VECTORIZER_KWARGS = {}

# Naive Bayes

In [None]:
from sklearn.model_selection import train_test_split
from sklearn.naive_bayes import MultinomialNB


def naive_bayes(
    dataset: SplitSet, vectorizer: VectorizerEnum,  tokenizer: Optional[TokenizerEnum] = None
) -> dict:
    """
    Naive Bayes classifier for text classification.
    Args:
        dataset (SplitSet): The dataset to use for training and testing.
        tokenizer (TokenizerEnum): The tokenizer to use.
        If tokenizer is None, then no tokenization is applied. Only vectorization is applied.
        vectorizer (VectorizerEnum): The vectorizer to use.
    Returns:
        dict: A dictionary containing the results of the classification.
        Returns a classification report
    """
    
    selected_vectorizer = get_vectorizer(vectorizer)
    
    
    data: pd.DataFrame = dataset.train
    
    if tokenizer is not None:
        if tokenizer == TokenizerEnum.WORDPIECE:
            tokenized_data = wordpiece_tokenize_dataframe(data, get_tokenizer(data))
        elif tokenizer == TokenizerEnum.SENTENCEPIECE:
            tokenized_data = sentencepiece_tokenize_dataframe(data, get_tokenizer(data))
        else:
            raise ValueError(f"Unsupported tokenizer: {tokenizer}")
        tokenized_list = tokenized_data["tokenized_tweets"].tolist()
        

        # join sub lists into strings
        tokenized_list = [" ".join(tokens) for tokens in tokenized_list]

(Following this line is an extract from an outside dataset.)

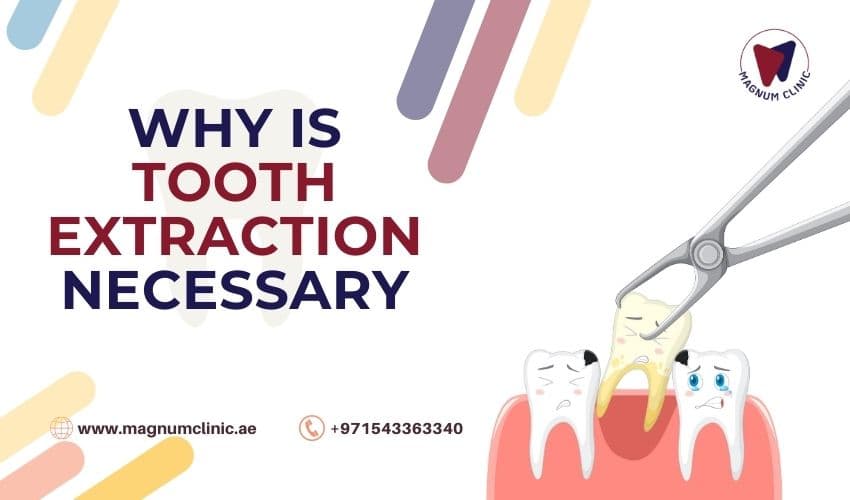 Why Is Tooth Extraction Necessary, and When Is It Recommended?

        y = tokenized_data["label"].tolist()

        
        tokenized_vectorized_data, vectorizer_wp = selected_vectorizer(
            tokenized_list, **VECTORIZER_KWARGS
        )

        X_train, X_test, y_train, y_test = train_test_split(
            tokenized_vectorized_data, y, test_size=0.3, random_state=42
        )
    else:
        vectorized_data, trained_vectorizer = selected_vectorizer(data["tweet"].tolist(), **VECTORIZER_KWARGS)
        X_train, X_test, y_train, y_test = train_test_split(
            vectorized_data, data["label"], test_size=0.3, random_state=42
        )
    model = MultinomialNB()
    model.fit(X_train, y_train)
    predictions = model.predict(X_test)
    # accuracy = accuracy_score(y_test, predictions)
    report = classification_report(y_test, predictions, output_dict=True)
    return report

# Logistic Regression

In [None]:
from sklearn.linear_model import LogisticRegression


def logistic_regression(
    dataset: SplitSet, vectorizer: VectorizerEnum,  tokenizer: Optional[TokenizerEnum] = None
) -> dict:
    """
    Logistic Regression classifier for text classification.
    Args:
        dataset (SplitSet): The dataset to use for training and testing.
        tokenizer (TokenizerEnum): The tokenizer to use.
        If tokenizer is None, then no tokenization is applied. Only vectorization is applied.
        vectorizer (VectorizerEnum): The vectorizer to use.
    Returns:
        dict: A dictionary containing the results of the classification.
        Returns a classification report
    """
    selected_vectorizer = get_vectorizer(vectorizer)
    
    
    data: pd.DataFrame = dataset.train
    
    if tokenizer is not None:
        if tokenizer == TokenizerEnum.WORDPIECE:
            tokenized_data = wordpiece_tokenize_dataframe(data, get_tokenizer(data))
        elif tokenizer == TokenizerEnum.SENTENCEPIECE:
            tokenized_data = sentencepiece_tokenize_dataframe(data, get_tokenizer(data))
        else:
            raise ValueError(f"Unsupported tokenizer: {tokenizer}")
        tokenized_list = tokenized_data["tokenized_tweets"].tolist()
        

        # join sub lists into strings
        tokenized_list = [" ".join(tokens) for tokens in tokenized_list]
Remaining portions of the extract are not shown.